Count tokens in a string using a provided token counting function.

Wraps the token counting function with error handling. Ensures the returned value is numeric and converts it to an integer.

Parameters:

  • text

    (str) –

    Text to count tokens in.

  • token_counter

    (Callable[[str], int]) –

    Function that returns the number of tokens.

Returns:

  • int ( int ) –

    Number of tokens.

Raises:

  • CallbackError

    If the token counter fails or returns an invalid type.

Examples:

>>> def simple_word_counter(text: str) -> int:
...     return len(text.split())
>>> text = "This is a sample sentence."
>>> count_tokens(text, simple_word_counter)
5
>>> def char_counter(text: str) -> int:
...     return len(text)
>>> count_tokens("hello", char_counter)
5
>>> # Example with a failing token counter
>>> def failing_counter(text: str) -> int:
...     raise ValueError("Something went wrong!")
>>> try:
...     count_tokens("test", failing_counter)
... except CallbackError as e:
...     print(e)
Token counter failed while processing text starting with: 'test...'.
💡 Hint: Please ensure the token counter function handles all edge cases and returns an integer.
Details: Something went wrong!
Source code in src/chunklet/common/token_utils.py
@lru_cache(maxsize=1024)
def count_tokens(text: str, token_counter: Callable[[str], int]) -> int:
    """
    Count tokens in a string using a provided token counting function.

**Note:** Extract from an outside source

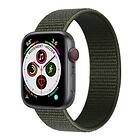 CaseOnline Apple Watch 5 (40mm) Nylon Armband Military Khaki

    Wraps the token counting function with error handling. Ensures the returned
    value is numeric and converts it to an integer.

    Args:
        text (str): Text to count tokens in.
        token_counter (Callable[[str], int]): Function that returns the number of tokens.

    Returns:
        int: Number of tokens.

    Raises:
        CallbackError: If the token counter fails or returns an invalid type.

    Examples:
        >>> def simple_word_counter(text: str) -> int:
        ...     return len(text.split())
        >>> text = "This is a sample sentence."
        >>> count_tokens(text, simple_word_counter)
        5

        >>> def char_counter(text: str) -> int:
        ...     return len(text)
        >>> count_tokens("hello", char_counter)
        5

        >>> # Example with a failing token counter
        >>> def failing_counter(text: str) -> int:
        ...     raise ValueError("Something went wrong!")
        >>> try:
        ...     count_tokens("test", failing_counter)
        ... except CallbackError as e:
        ...     print(e)
        Token counter failed while processing text starting with: 'test...'.
        💡 Hint: Please ensure the token counter function handles all edge cases and returns an integer.
        Details: Something went wrong!
    """
    try:
        token_count = token_counter(text)
        if isinstance(token_count, (int, float)):
            return int(token_count)
        raise CallbackError(
            f"Token counter returned invalid type ({type(token_count).__name__}) "
            f"for text starting with: '{text[:100]}'"
        )
    except Exception as e:
        raise CallbackError(
            f"Token counter failed while processing text starting with: '{text[:100]}...'.\n"
            "💡 Hint: Please ensure the token counter function handles "
            f"all edge cases and returns an integer. \nDetails: {e}"
        ) from e